*Required action:*
Output nothing but the lines from the beginning of the listing below through the line containing "Bestel: Dong Starter", exactly as they stand, without pictures.

Segment Open

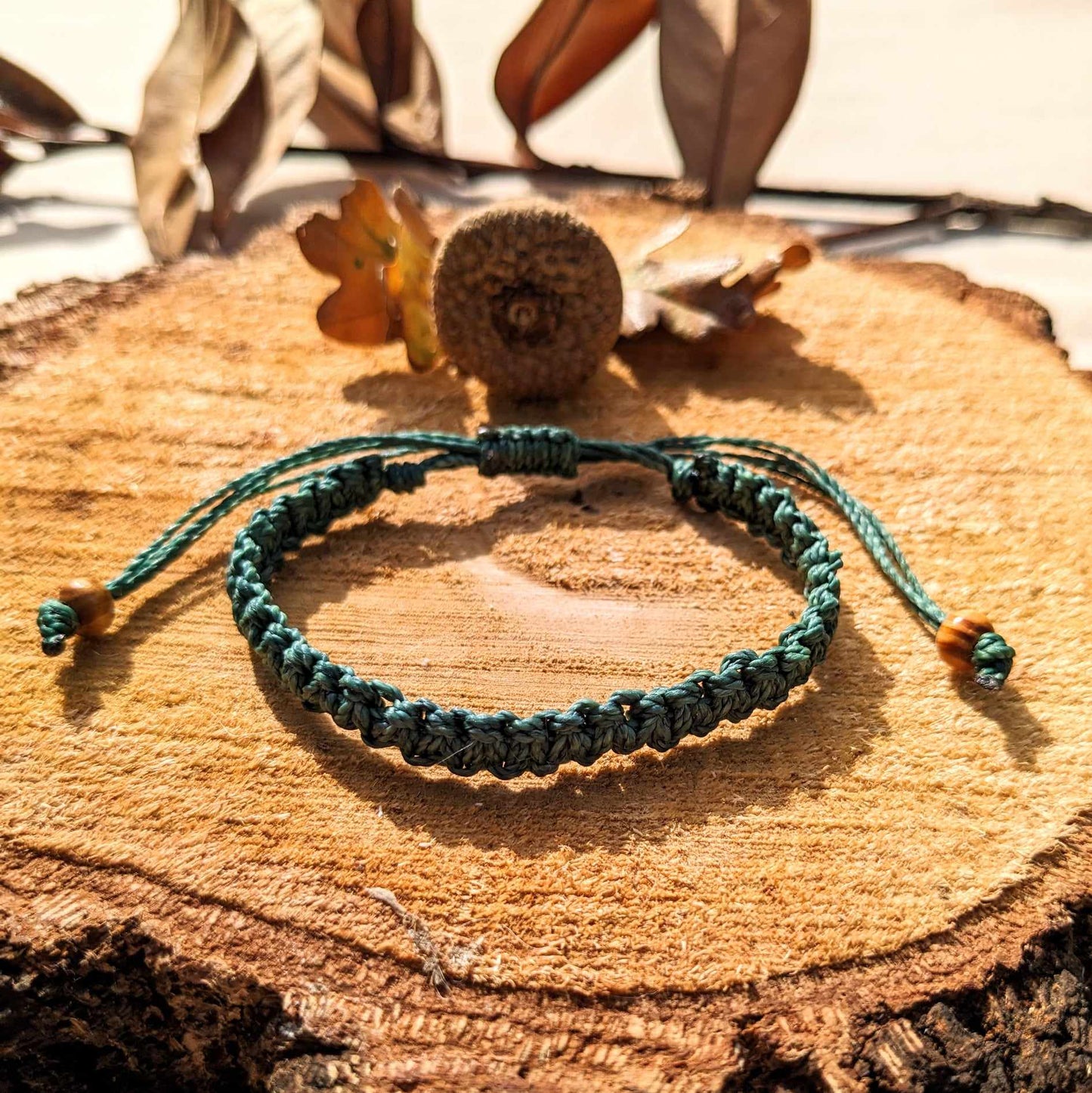 Bracelet SENSARA - Les fils du voeu - Coloris au choix
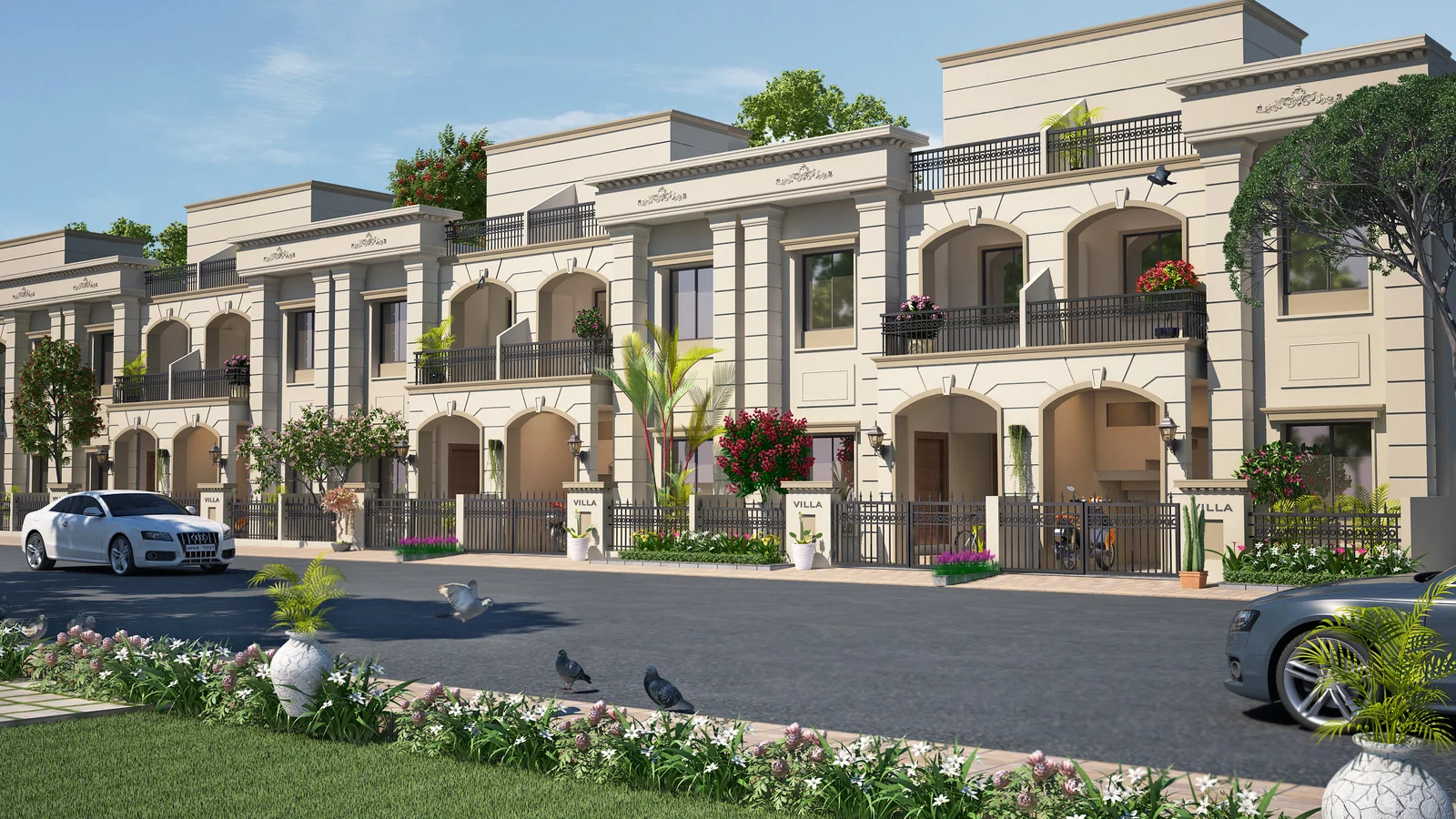 CI Builders residential architecture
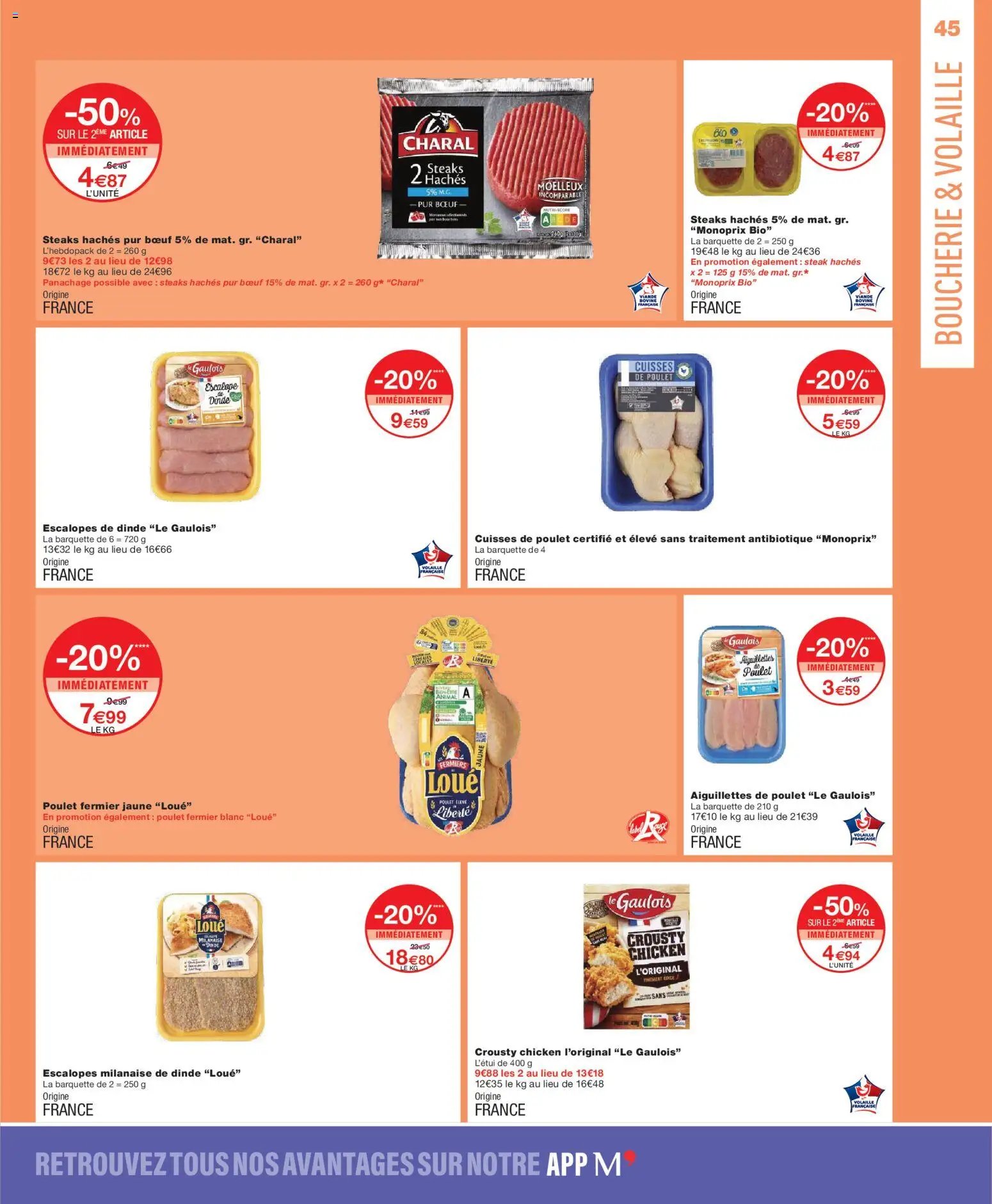 Monoprix catalogue (2026-01-01 - 2026-01-18)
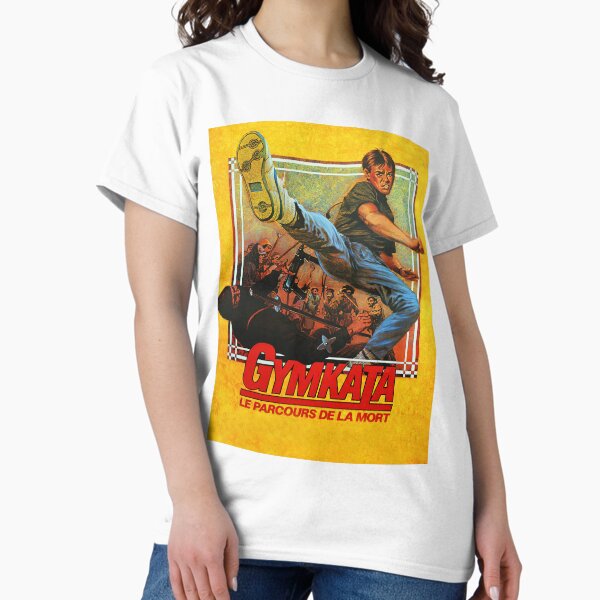 Gymkata: The Death Course T-Shirt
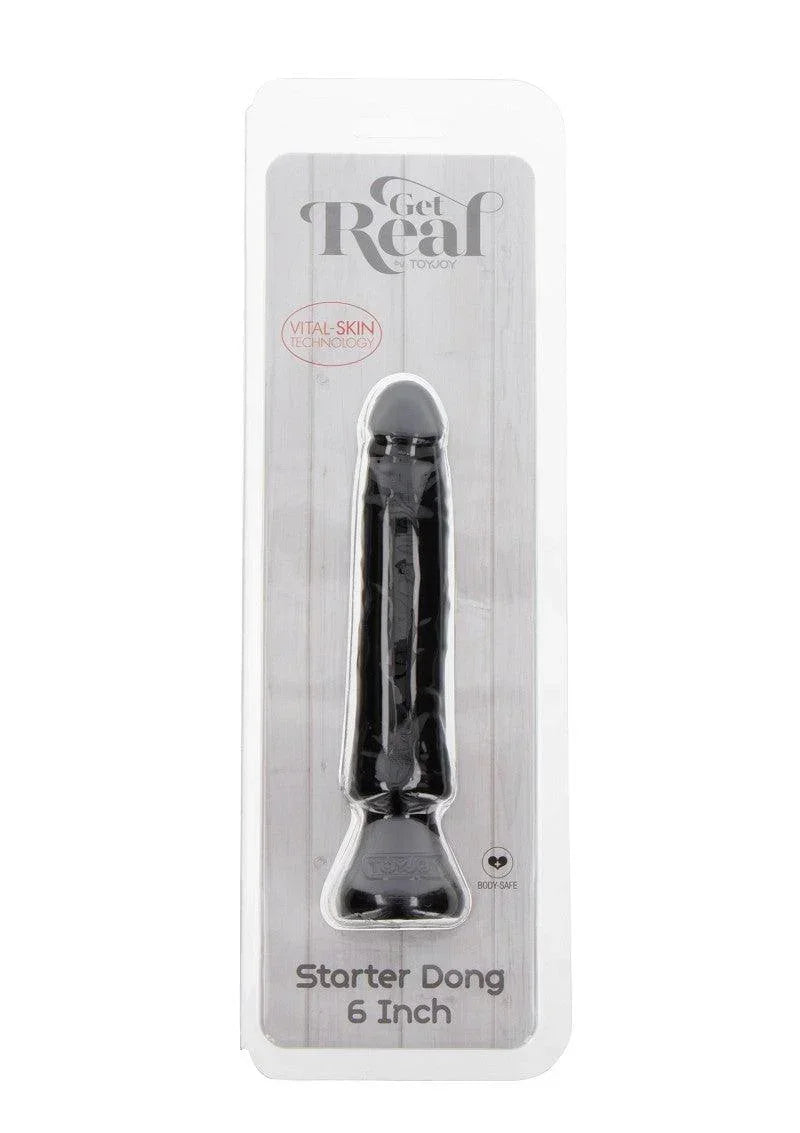 Bestel: Dong Starter PVC 16 cm by ToyJoy - bij Happytoys.nl, happytoys.be, Happytoys.ae: erotische sex webshop | liever Happy dan Easy βββββ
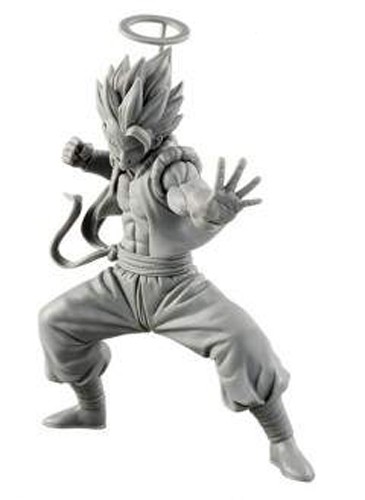 Dragonball Z SS Gogeta Halo Ver. Color Var. Banpresto Prize Figure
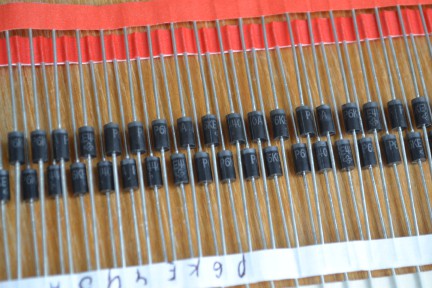 Купить Диоды P6KE440A detaluhi.ho.ua Интернет магазин в Каменец-Подольском, устройства, радиодетали, интсрументы.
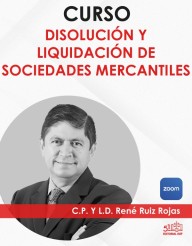 CURSO ”DISOLUCIÓN Y LIQUIDACIÓN DE SM”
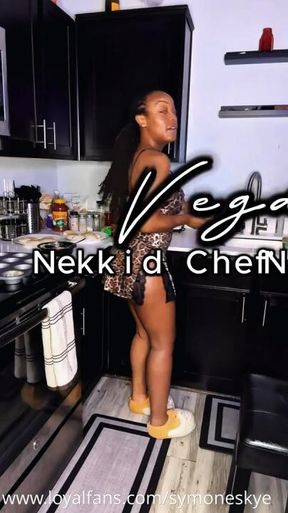 Nekkid Chef’n Super Squirt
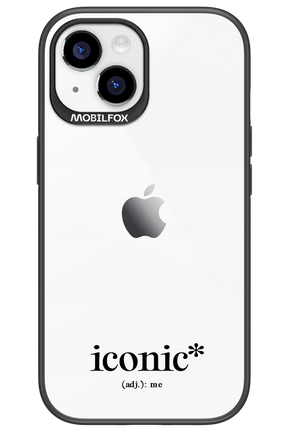 Iconic_ - Apple iPhone 15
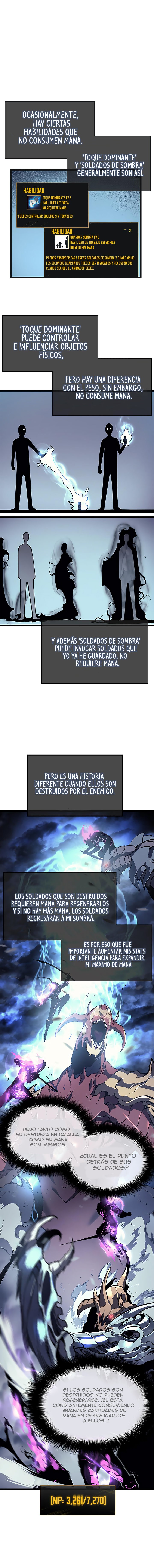 Solo leveling capítulo 87 página 2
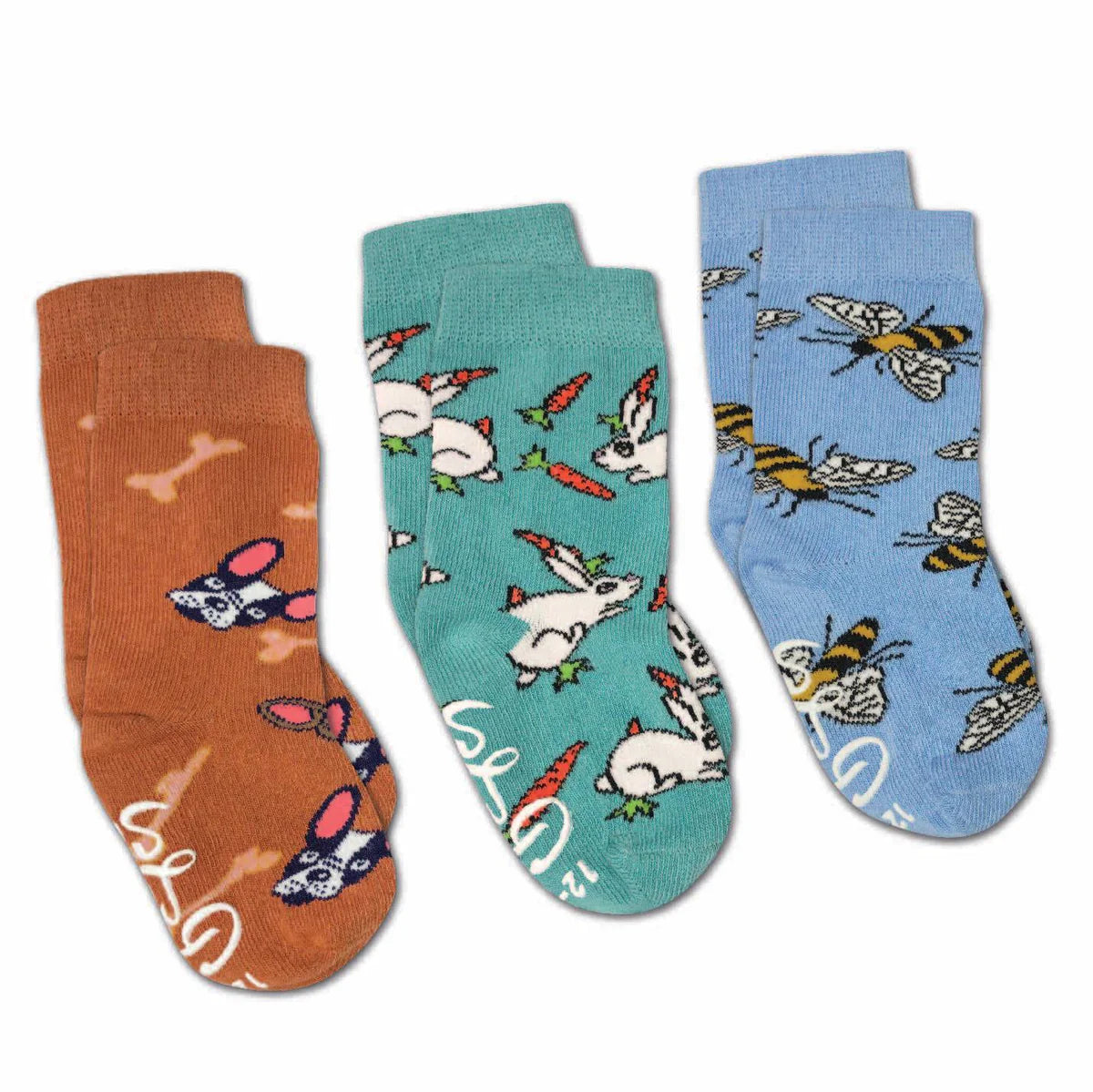 Good Luck Sock - Child Sock - 3pack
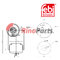 22058738 AIR SPRING WITH STEEL PISTON AND PISTON ROD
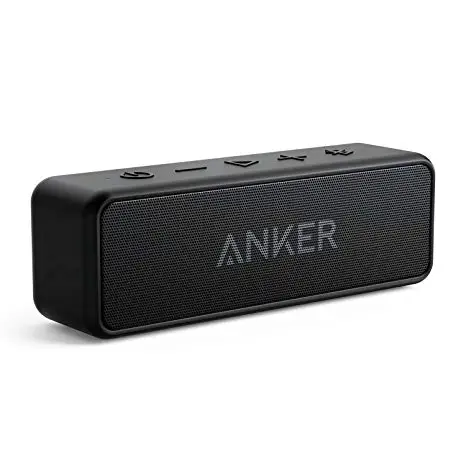 Anker Soundcore 2 Portable Bluetooth Speaker with Superior Stereo Sound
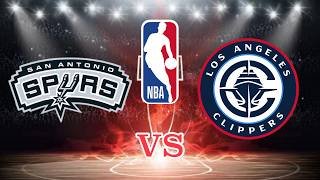 NBA LIVE Los Angeles Clippers vs San Antonio Spurs | March 6, 2026 | NBA Regular Season 2k26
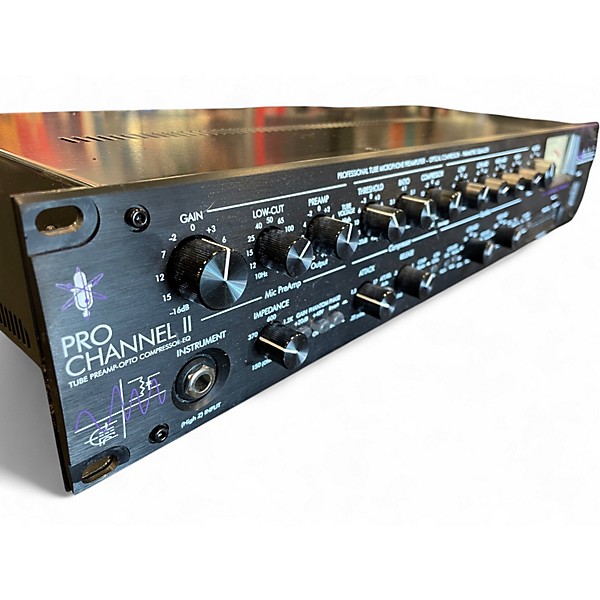 Used Art Pro Channel II Channel Strip
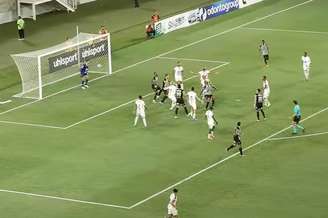 Jogo foi tenso do início ao fim –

Segment Closed

*Problem solution:*
 Bracelet SENSARA - Les fils du voeu - Coloris au choix
 CI Builders residential architecture
 Monoprix catalogue (2026-01-01 - 2026-01-18)
 Gymkata: The Death Course T-Shirt
 Bestel: Dong Starter PVC 16 cm by ToyJoy - bij Happytoys.nl, happytoys.be, Happytoys.ae: erotische sex webshop | liever Happy dan Easy βββββ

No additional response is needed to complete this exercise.